Records supplied
----------------

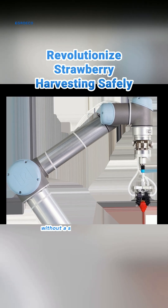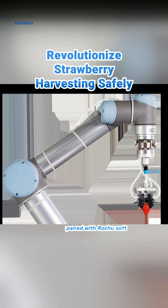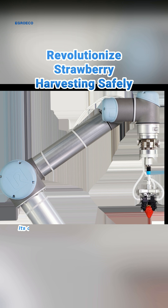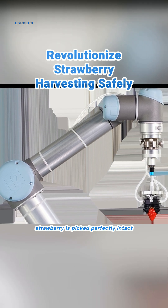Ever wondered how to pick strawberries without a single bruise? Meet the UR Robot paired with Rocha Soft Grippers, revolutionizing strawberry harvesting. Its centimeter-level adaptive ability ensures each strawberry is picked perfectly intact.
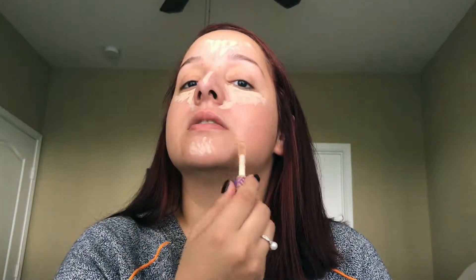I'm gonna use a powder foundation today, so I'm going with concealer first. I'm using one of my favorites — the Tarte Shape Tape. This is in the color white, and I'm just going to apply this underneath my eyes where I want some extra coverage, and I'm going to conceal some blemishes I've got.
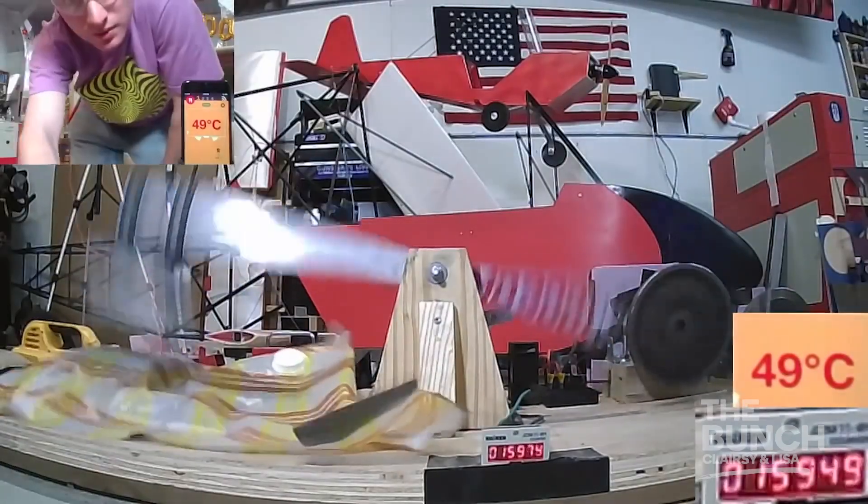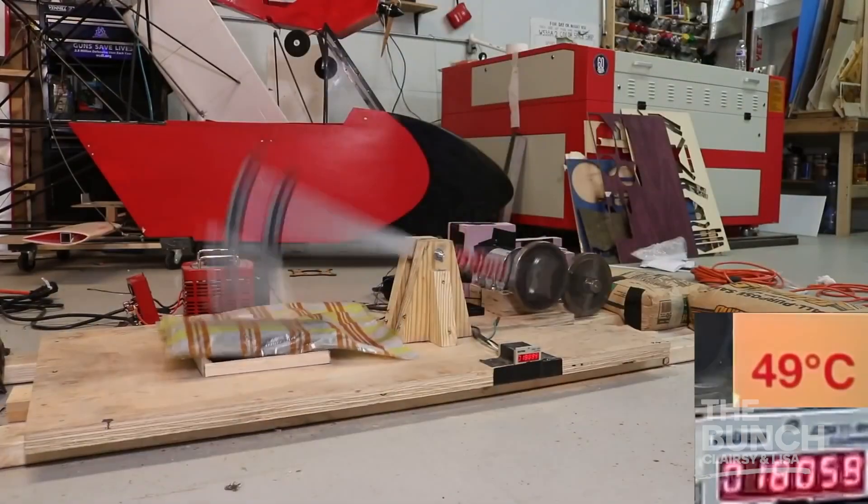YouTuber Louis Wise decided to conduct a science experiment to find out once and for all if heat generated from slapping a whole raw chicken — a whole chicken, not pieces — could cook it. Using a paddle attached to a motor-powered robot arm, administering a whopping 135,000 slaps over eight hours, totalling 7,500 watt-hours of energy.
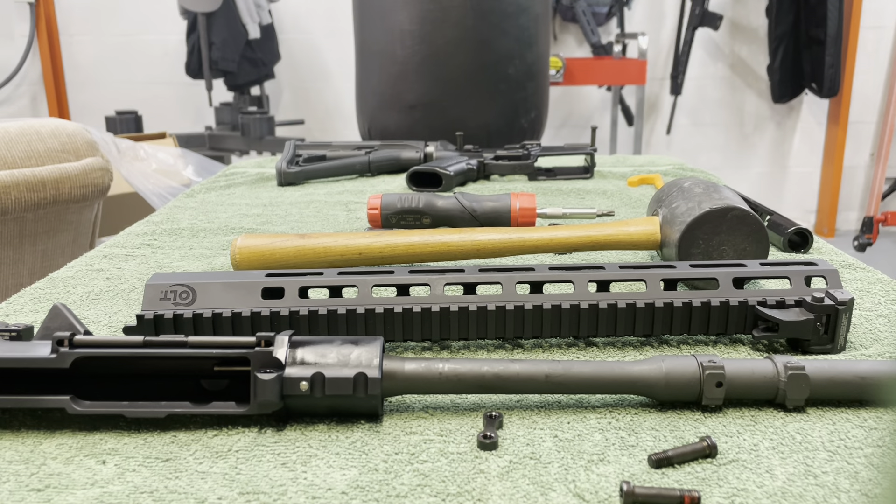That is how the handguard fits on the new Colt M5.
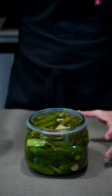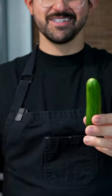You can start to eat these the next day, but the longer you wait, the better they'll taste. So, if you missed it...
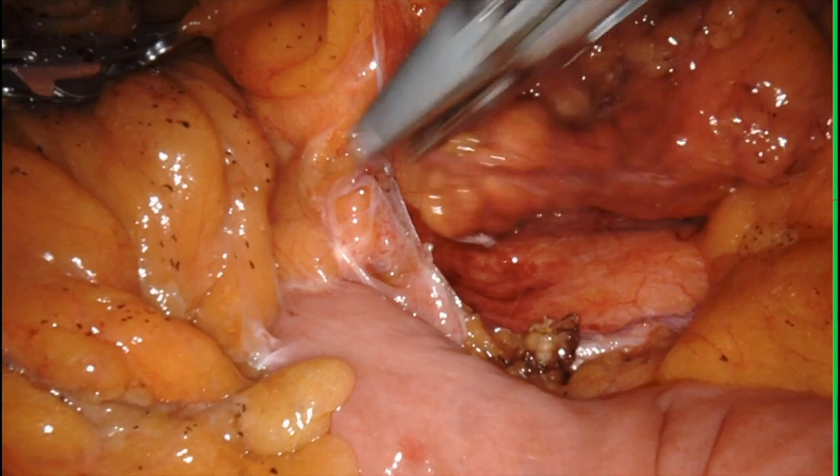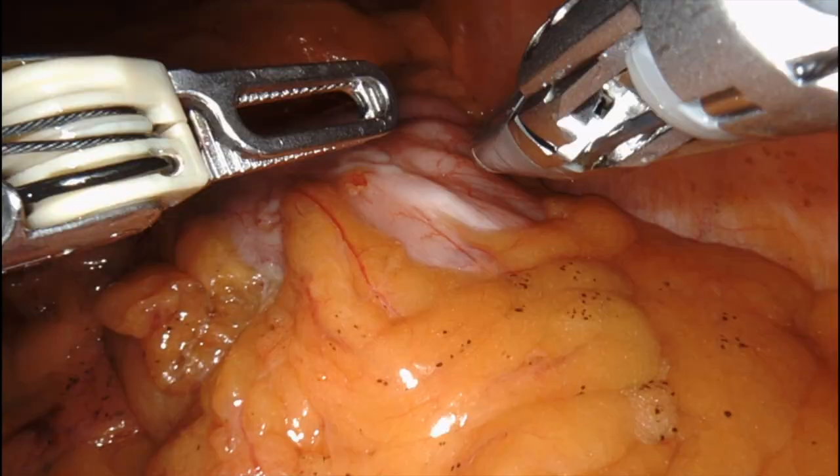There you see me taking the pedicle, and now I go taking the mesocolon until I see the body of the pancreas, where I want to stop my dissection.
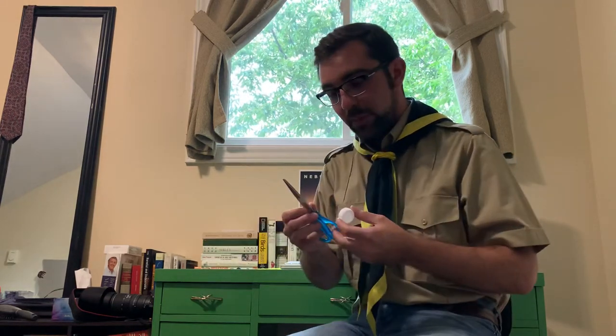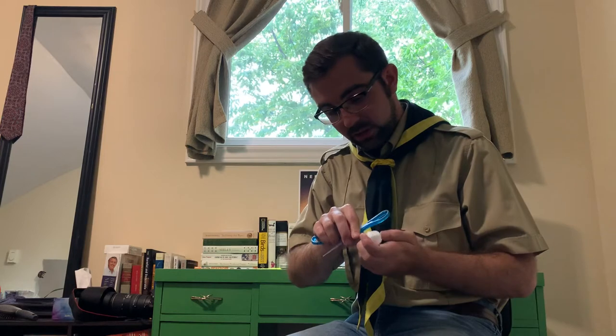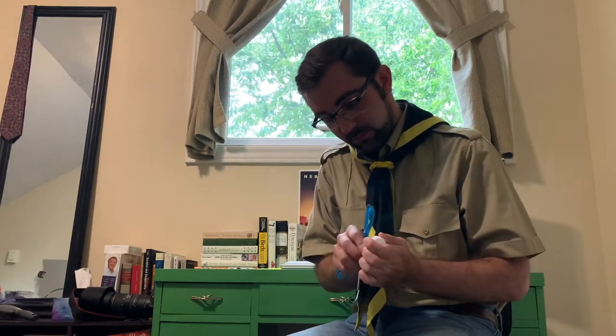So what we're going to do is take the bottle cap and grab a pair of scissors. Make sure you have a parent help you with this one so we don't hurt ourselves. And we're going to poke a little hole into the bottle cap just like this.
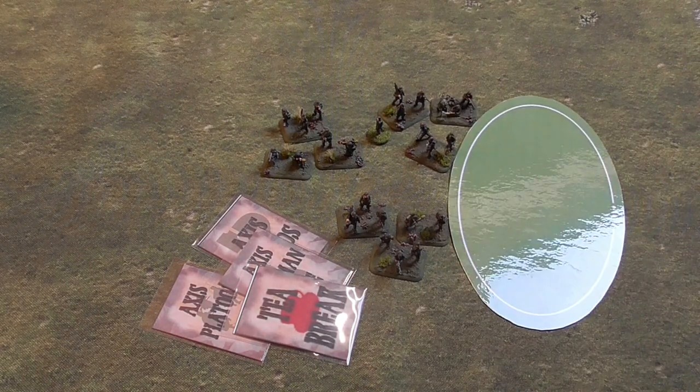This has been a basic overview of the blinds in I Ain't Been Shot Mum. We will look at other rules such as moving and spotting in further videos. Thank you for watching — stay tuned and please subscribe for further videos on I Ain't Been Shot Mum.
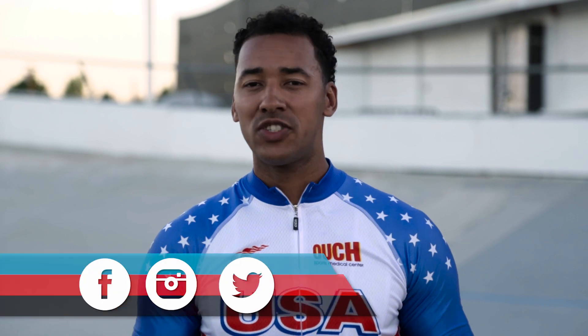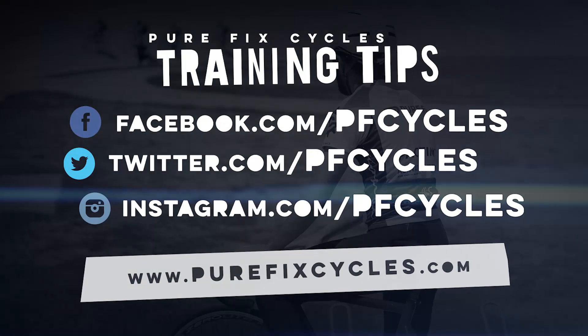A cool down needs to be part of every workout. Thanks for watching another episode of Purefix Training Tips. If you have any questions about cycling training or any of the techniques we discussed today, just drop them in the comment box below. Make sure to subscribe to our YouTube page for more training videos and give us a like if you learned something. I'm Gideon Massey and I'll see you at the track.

----------------

Goal of the exercise
Every line from the one containing "I'm gonna use" through the last line of the records is to be reproduced exactly, with pictures left out and nothing else given.

Task solution
I'm gonna use a powder foundation today, so I'm going with concealer first. I'm using one of my favorites — the Tarte Shape Tape. This is in the color white, and I'm just going to apply this underneath my eyes where I want some extra coverage, and I'm going to conceal some blemishes I've got.
YouTuber Louis Wise decided to conduct a science experiment to find out once and for all if heat generated from slapping a whole raw chicken — a whole chicken, not pieces — could cook it. Using a paddle attached to a motor-powered robot arm, administering a whopping 135,000 slaps over eight hours, totalling 7,500 watt-hours of energy.
That is how the handguard fits on the new Colt M5.
You can start to eat these the next day, but the longer you wait, the better they'll taste. So, if you missed it...
There you see me taking the pedicle, and now I go taking the mesocolon until I see the body of the pancreas, where I want to stop my dissection.
So what we're going to do is take the bottle cap and grab a pair of scissors. Make sure you have a parent help you with this one so we don't hurt ourselves. And we're going to poke a little hole into the bottle cap just like this.
This has been a basic overview of the blinds in I Ain't Been Shot Mum. We will look at other rules such as moving and spotting in further videos. Thank you for watching — stay tuned and please subscribe for further videos on I Ain't Been Shot Mum.
A cool down needs to be part of every workout. Thanks for watching another episode of Purefix Training Tips. If you have any questions about cycling training or any of the techniques we discussed today, just drop them in the comment box below. Make sure to subscribe to our YouTube page for more training videos and give us a like if you learned something. I'm Gideon Massey and I'll see you at the track.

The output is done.